Rao Jin, Wang Xuefu, Wang Zhinong
Department of Cardiothoracic Surgery, Changzheng Hospital, Naval Medical University, Shanghai, People's Republic of China.
School of Health Science and Engineering, University of Shanghai for Science and Technology, Shanghai, People's Republic of China.
J Inflamm Res. 2024 Dec 19;17:11257-11274. doi: 10.2147/JIR.S475633. eCollection 2024.
Cardiac macrophages are a heterogeneous population with high plasticity and adaptability, and their mechanisms in heart failure (HF) remain poorly elucidated.
We used single-cell and bulk RNA sequencing data to reveal the heterogeneity of non-cardiomyocytes and assess the immunoreactivity of each subpopulation. Additionally, we employed four integrated machine learning algorithms to identify macrophage-related genes with diagnostic value, and in vivo validation was performed. To assess the immune infiltration characteristics in HF, we utilized the CIBERSORT and single sample gene set enrichment analysis (ssGSEA). An unsupervised consensus clustering algorithm was applied to identify the macrophage-related HF subtypes. Furthermore, the scMetabolism was employed to explore the specific metabolic patterns of the macrophage subtypes. Finally, CellChat was used to investigate cell-cell interactions among the identified subtypes.
The immunoreactivity score of macrophages in the HF was higher than that in the other cell types. GSEA of macrophage clusters indicated a significant enrichment of leukocyte-mediated immune processes, antigen processing, and presentation. The intersection of the results from machine learning revealed that SERPINA3, GPAT3, ANPEP, and FCER1G can serve as feature genes and form a diagnostic model with a good predictive capability. Unsupervised consensus clustering algorithms reveal the immune and metabolic subtypes of macrophages. The metabolic heterogeneity of macrophage subpopulations can lead to macrophage polarization into different types, which may be related to the metabolic reprogramming between glycolysis and mitochondrial oxidative phosphorylation. Cellular communication revealed that macrophages form a network of interactions with neutrophils to support each other's functions and maintenance. The complex efferent and afferent signals are closely associated with myocardial fibrosis.

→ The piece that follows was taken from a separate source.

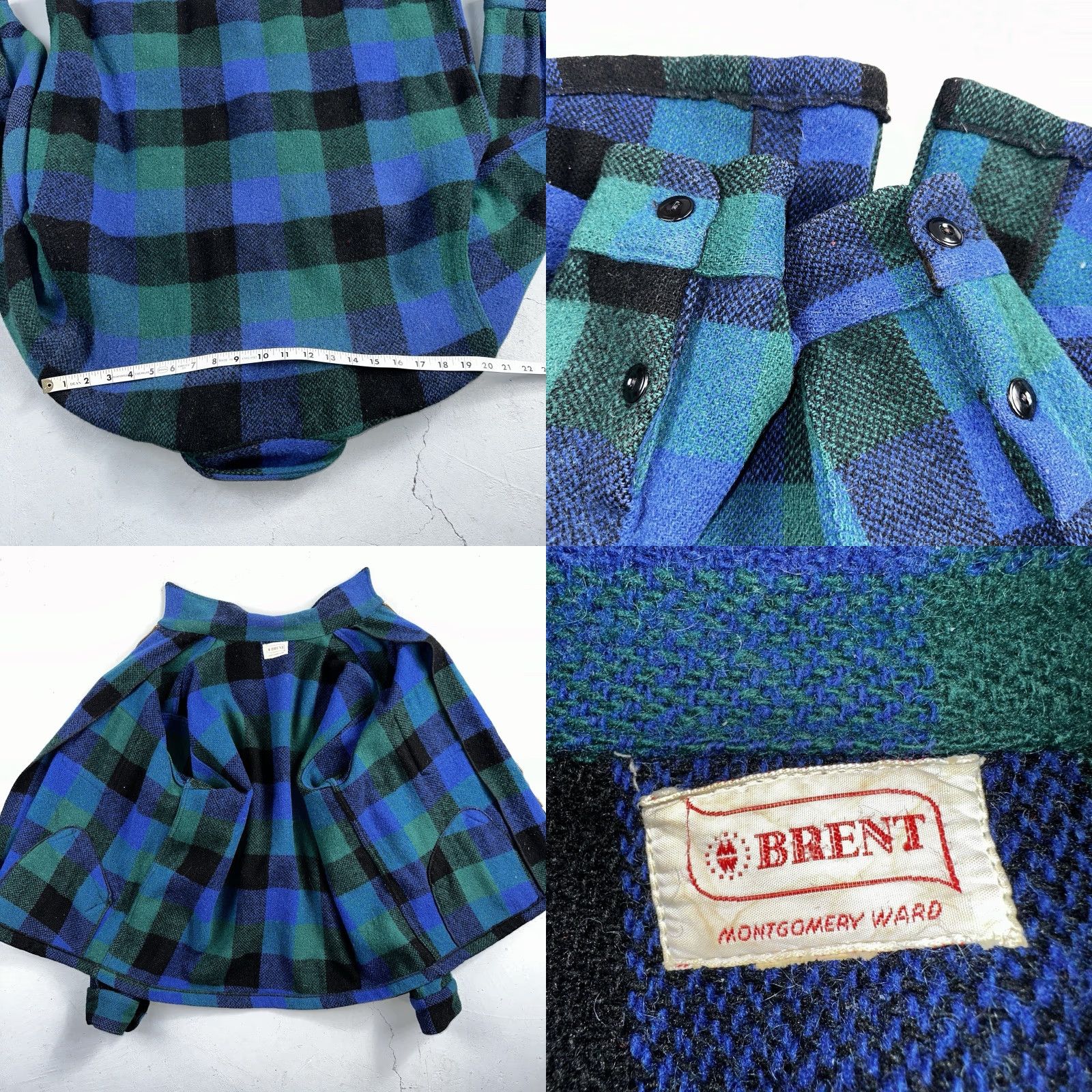 Vintage VINTAGE Montgomery Ward Wool Jacket Full Zip Plaid Outdoors 50s 60s Mens Large Size US L / EU 52-54 / 3 - 8 Thumbnail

SERPINA3, GPAT3, ANPEP, and FCER1G can potentially serve as immune therapeutic targets and central biomarkers. The immunological and metabolic heterogeneity of macrophages may offer a more precise direction to explore the mechanisms underlying HF and novel immunotherapies.

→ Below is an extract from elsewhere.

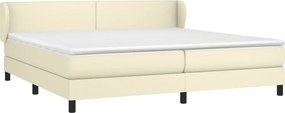 vidaXL Κρεβάτι Boxspring με Στρώμα Κρεμ 200x200 εκ. Συνθετικό Δέρμα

心脏巨噬细胞是一类具有高度可塑性和适应性的异质性群体,其在心力衰竭(HF)中的作用机制仍未完全阐明。
我们使用单细胞和批量RNA测序数据来揭示非心肌细胞的异质性,并评估每个亚群的免疫反应性。此外,我们采用四种集成机器学习算法来识别具有诊断价值的巨噬细胞相关基因,并进行体内验证。为了评估HF中的免疫浸润特征,我们使用了CIBERSORT和单样本基因集富集分析(ssGSEA)。应用无监督一致性聚类算法来识别巨噬细胞相关的HF亚型。此外,利用scMetabolism探索巨噬细胞亚型的特定代谢模式。最后,使用CellChat研究已识别亚型之间的细胞间相互作用。

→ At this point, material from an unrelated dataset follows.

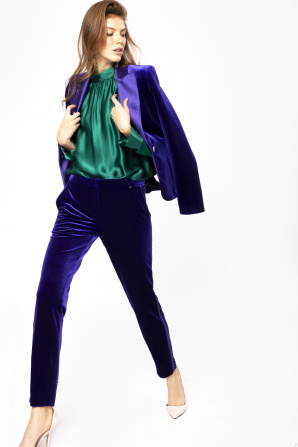 Satin lapel velvet jacket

HF中巨噬细胞的免疫反应性评分高于其他细胞类型。巨噬细胞簇的基因集富集分析(GSEA)表明白细胞介导的免疫过程、抗原加工和呈现有显著富集。机器学习结果的交集显示,丝氨酸蛋白酶抑制剂A3(SERPINA3)、甘油磷酸酰基转移酶3(GPAT3)、氨肽酶N(ANPEP)和Fc片段IgE受体γ链(FCER1G)可作为特征基因,并形成具有良好预测能力的诊断模型。无监督一致性聚类算法揭示了巨噬细胞的免疫和代谢亚型。巨噬细胞亚群的代谢异质性可导致巨噬细胞极化为不同类型,这可能与糖酵解和线粒体氧化磷酸化之间的代谢重编程有关。细胞通讯显示,巨噬细胞与中性粒细胞形成相互作用网络,以支持彼此的功能和维持。复杂的传出和传入信号与心肌纤维化密切相关。
SERPINA3、GPAT3、ANPEP和FCER1G有可能作为免疫治疗靶点和核心生物标志物。巨噬细胞的免疫和代谢异质性可能为探索HF的潜在机制和新型免疫疗法提供更精确的方向。